We visited Pyramiden which was abandoned in 1998 though most of the buildings are intact and the town is presided over by the world's most northerly bust of Lenin. Barentsburg is still very much alive. The mine there is home to Spitsbergen's last working railway. Other railways, all narrow gauge, which are still in situ though out of use include a line about two miles in length along the cliffs between Colesbukta and Grumant which was also built by the Russians and short lines at an old gypsum mine at Skansbukta and, at 450mm gauge the narrowest of all, at Brucebyen, the site of exploratory pits on the opposite side of the fjord from Pyramiden which were never worked commercially. Just over the fjord from Ny Ålesund is Ny London, the site of an unsuccessful British marble quarry. A few narrow gauge wagons survive there along with some vertical-boilered steam cranes and the boiler of a portable steam engine. 200km south of the main archipelago is the small island of Bjornoya or Bear Island in English. There was an unsuccessful coal mine at Tunheim in the north east of the island and the partial remains of two 0-4-0T's are still there. However, they have decomposed so badly that it is hard to visualise now how they must have looked when they were complete. There's no public transport to Bjornoya and getting to see them must present one of the gricing world's more difficult challenges! 
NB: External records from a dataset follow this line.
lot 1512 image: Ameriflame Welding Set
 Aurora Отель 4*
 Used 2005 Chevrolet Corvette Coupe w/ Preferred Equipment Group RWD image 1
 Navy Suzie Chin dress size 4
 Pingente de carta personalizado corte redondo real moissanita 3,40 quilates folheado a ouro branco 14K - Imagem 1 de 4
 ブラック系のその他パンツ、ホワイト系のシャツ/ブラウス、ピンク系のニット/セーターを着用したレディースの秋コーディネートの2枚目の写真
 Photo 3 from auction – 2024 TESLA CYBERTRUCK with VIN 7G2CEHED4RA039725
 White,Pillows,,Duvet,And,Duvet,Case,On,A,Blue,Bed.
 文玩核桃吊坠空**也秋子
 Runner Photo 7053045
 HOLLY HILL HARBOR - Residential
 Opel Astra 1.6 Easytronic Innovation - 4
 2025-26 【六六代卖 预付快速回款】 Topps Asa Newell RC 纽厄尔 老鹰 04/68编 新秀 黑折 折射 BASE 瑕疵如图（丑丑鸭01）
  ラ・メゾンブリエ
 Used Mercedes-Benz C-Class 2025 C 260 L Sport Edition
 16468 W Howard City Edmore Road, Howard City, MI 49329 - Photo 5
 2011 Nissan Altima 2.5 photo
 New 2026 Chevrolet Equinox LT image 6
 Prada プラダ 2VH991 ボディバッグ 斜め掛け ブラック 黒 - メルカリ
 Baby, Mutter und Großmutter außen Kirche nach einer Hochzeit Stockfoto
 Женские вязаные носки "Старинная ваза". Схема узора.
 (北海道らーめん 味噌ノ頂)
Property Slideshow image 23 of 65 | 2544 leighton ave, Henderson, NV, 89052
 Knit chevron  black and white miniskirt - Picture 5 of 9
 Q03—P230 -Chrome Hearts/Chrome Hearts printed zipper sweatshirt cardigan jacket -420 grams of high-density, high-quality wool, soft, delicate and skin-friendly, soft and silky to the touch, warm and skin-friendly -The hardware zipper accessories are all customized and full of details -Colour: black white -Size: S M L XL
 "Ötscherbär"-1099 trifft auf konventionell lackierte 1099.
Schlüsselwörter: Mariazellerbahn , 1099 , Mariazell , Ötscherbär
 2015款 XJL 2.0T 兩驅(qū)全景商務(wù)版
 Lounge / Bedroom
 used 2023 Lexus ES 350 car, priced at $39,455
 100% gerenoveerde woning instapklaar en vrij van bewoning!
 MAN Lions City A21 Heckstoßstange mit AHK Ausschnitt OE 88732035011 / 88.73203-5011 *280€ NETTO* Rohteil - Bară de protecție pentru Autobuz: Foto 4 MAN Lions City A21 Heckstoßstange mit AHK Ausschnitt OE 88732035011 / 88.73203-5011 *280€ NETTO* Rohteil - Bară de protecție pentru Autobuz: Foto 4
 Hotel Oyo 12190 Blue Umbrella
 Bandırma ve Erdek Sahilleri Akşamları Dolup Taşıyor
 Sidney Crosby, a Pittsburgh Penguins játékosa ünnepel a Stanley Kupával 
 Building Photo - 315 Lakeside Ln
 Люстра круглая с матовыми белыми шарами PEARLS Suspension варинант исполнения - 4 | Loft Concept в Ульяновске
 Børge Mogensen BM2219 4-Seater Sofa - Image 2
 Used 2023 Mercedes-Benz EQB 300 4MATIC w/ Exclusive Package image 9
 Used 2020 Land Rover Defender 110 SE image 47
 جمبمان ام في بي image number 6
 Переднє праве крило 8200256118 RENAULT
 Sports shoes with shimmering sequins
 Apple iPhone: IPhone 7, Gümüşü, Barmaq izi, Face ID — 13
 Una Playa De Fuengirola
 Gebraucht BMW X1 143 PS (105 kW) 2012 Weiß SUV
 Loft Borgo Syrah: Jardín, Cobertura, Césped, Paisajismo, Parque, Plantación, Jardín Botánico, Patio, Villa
Longyearbyen still retains the character of a coal mining town. It was founded by John Longyear, an American, in the early 1900’s. Only one mine there still operates but disused mines, along with many of their buildings, stand all around the town. The coal was transported to the port by a series of cableways. Most of the wooden support pylons are still in situ. The cableways joined up at an impressive structure at the edge of the town which also survives and part of the final length of cableway from there to the port has been preserved complete with its cables and buckets. Most of the mines used underground railways. The earliest of these appears to have been 2 feet gauge though later 3 feet gauge was used. A 3 feet gauge overhead wire loco and several wagons are preserved outside the old museum building in Longyearbyen.

One relic of Spitsbergen’s mining past is the universal requirement to take off your shoes before entering any building and leave them in a shoe rack at the entrance. This had unfortunate consequences for a young Finnish lady at our guesthouse (whose boyfriend, coincidentally, is a railfan) as her walking boots were stolen overnight from the shoe rack and she had to complete her holiday in her wellieboots. Longyearbyen is now rapidly outgrowing its industrial past. The museum (a must-see with excellent displays though there's nothing which is directly rail-related) has relocated to new purpose-built premises which it shares with the Norwegian Polar Institute and Svalbard University. All around snowmobiles were parked – they’re no use in midsummer but for most of the year they’re an indispensable means of getting around town. 

Svalbard has three native mammals, the Arctic fox, the Svalbard reindeer, stockier than its mainland consins and, most spectacularly, the polar bear. Most of the bears live in the east of the archipelago where the climate way from the Gulf Stream is much cooler and ice lasts all the year round. However, they can roam all over the archipelago - one was sighted from Ny Ålesund a few days after we were there. Travel outside the few inhabited settlements is forbidden without a gun and the knowledge of how to use it in the event of a bear attack. Signs at the edges of the settlements provide prominent reminders of this!

I’m very grateful to Herdis Lien and her staff at the Svalbard Museum for their help and support and to Dr. Roland Bol of Uppsala and Kurt Möller of Stockholm for information about the Swedish locos at Ny Ålesund. Andreas Umbreit’s excellent guidebook to Spitsbergen published by Bradt Travel Guides (ISBN 10:1 84162 092 0) is a mine of useful information and must rank as one of the best guidebooks ever written. Mr. Umbreit was also most helpful in giving me additional information based on his observations of some of the abandoned railways. Finally a big thank you must go to Oddvar Midtkandal, the director of the King’s Bay Company, for allowing us to visit Ny Ålesund and his colleagues at their reception building for making us so welcome while we were there.